▶ **TO DO**: Your answer should be each line of the entries that contains the word "with", copied in full.

▬▬▬▬▬▬

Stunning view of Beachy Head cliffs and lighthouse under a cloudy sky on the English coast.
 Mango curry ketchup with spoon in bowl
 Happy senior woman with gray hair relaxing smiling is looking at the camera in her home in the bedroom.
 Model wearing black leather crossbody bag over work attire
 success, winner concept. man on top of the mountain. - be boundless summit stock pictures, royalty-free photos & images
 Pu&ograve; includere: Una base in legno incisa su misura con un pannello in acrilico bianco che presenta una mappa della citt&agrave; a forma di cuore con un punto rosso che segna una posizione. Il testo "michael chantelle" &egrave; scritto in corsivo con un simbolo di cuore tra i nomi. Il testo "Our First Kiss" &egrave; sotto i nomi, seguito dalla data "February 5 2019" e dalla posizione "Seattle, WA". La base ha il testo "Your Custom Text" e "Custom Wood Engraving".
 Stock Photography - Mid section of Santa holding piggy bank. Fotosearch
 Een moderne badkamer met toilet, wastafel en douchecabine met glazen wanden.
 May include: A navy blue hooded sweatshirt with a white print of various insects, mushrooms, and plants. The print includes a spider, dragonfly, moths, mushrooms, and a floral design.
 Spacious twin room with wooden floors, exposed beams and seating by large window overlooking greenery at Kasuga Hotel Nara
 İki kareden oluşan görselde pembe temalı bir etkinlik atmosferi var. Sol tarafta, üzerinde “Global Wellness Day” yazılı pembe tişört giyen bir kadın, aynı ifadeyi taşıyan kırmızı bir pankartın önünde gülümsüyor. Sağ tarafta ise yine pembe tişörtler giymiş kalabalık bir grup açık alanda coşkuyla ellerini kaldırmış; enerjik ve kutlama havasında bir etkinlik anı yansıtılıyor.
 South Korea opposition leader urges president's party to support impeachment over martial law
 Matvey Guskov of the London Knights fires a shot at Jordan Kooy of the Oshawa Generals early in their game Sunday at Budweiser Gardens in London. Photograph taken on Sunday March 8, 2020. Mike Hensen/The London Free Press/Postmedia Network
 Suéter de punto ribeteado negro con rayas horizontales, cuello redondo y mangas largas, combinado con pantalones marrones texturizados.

▬▬▬▬▬▬

▶ **RESULT FOR THIS TASK**:
 Mango curry ketchup with spoon in bowl
 Happy senior woman with gray hair relaxing smiling is looking at the camera in her home in the bedroom.
 May include: A navy blue hooded sweatshirt with a white print of various insects, mushrooms, and plants. The print includes a spider, dragonfly, moths, mushrooms, and a floral design.
 Spacious twin room with wooden floors, exposed beams and seating by large window overlooking greenery at Kasuga Hotel Nara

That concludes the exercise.